@@ -4979,7 +4979,6 @@ void ceph_mdsc_destroy(struct ceph_fs_client *fsc)
ceph_metric_destroy(&mdsc->metric);
- flush_delayed_work(&mdsc->metric.delayed_work);
fsc->mdsc = NULL;
kfree(mdsc);
dout("mdsc_destroy %p done\n", mdsc);
@@ -302,6 +302,8 @@ void ceph_metric_destroy(struct ceph_client_metric *m)
if (!m)
return;
+ cancel_delayed_work_sync(&m->delayed_work);
+
percpu_counter_destroy(&m->total_inodes);
percpu_counter_destroy(&m->opened_inodes);
percpu_counter_destroy(&m->i_caps_mis);
@@ -309,8 +311,6 @@ void ceph_metric_destroy(struct ceph_client_metric *m)
percpu_counter_destroy(&m->d_lease_mis);
percpu_counter_destroy(&m->d_lease_hit);
- cancel_delayed_work_sync(&m->delayed_work);
-
ceph_put_mds_session(m->session);
}
The first thing metric_delayed_work does is check mdsc->stopping, and then return immediately if it's set. That's good since we would have already torn down the metric structures at this point, otherwise, but there is no locking around mdsc->stopping. It's possible that the ceph_metric_destroy call could race with the delayed_work, in which case we could end up with the delayed_work accessing destroyed percpu variables. At this point in the mdsc teardown, the "stopping" flag has already been set, so there's no benefit to flushing the work. Move the work cancellation in ceph_metric_destroy ahead of the percpu variable destruction, and eliminate the flush_delayed_work call in ceph_mdsc_destroy.

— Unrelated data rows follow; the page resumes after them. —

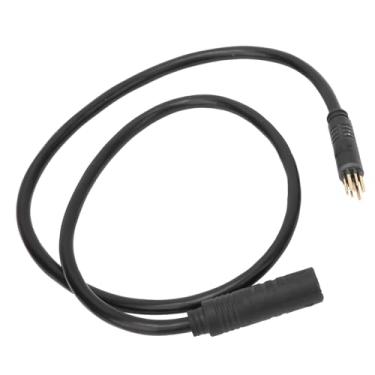 Imagem de Generic Cabo de Extensão de Motor de Bicicleta Elétrica, à Prova D'água, Fio Fêmea para Macho, Fácil Instalação, 3 Opções Disponíveis para Ciclistas de E-bike, 1.5 * 1300mm (1,5 plano 600 mm)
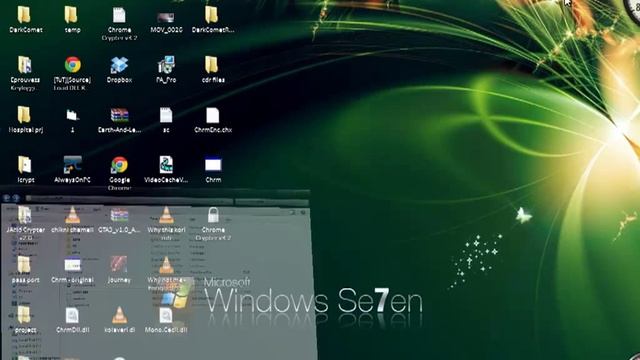 DarkComet 5 Settings : Chrome Crypter смотреть онлайн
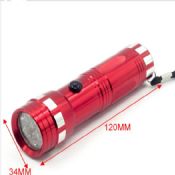 14 LED flashlight images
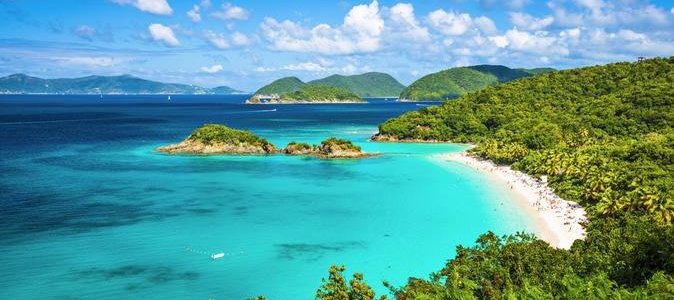 Trunk Bay St John USVI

Cc: Xiubo Li <xiubli@redhat.com> Fixes: 18f473b384a6 ("ceph: periodically send perf metrics to MDSes") Signed-off-by: Jeff Layton <jlayton@kernel.org> --- fs/ceph/mds_client.c | 1 - fs/ceph/metric.c | 4 ++-- 2 files changed, 2 insertions(+), 3 deletions(-) v2: just drop the flush call altogether and move the cancel before the percpu variables are destroyed (per Xiubo's suggestion).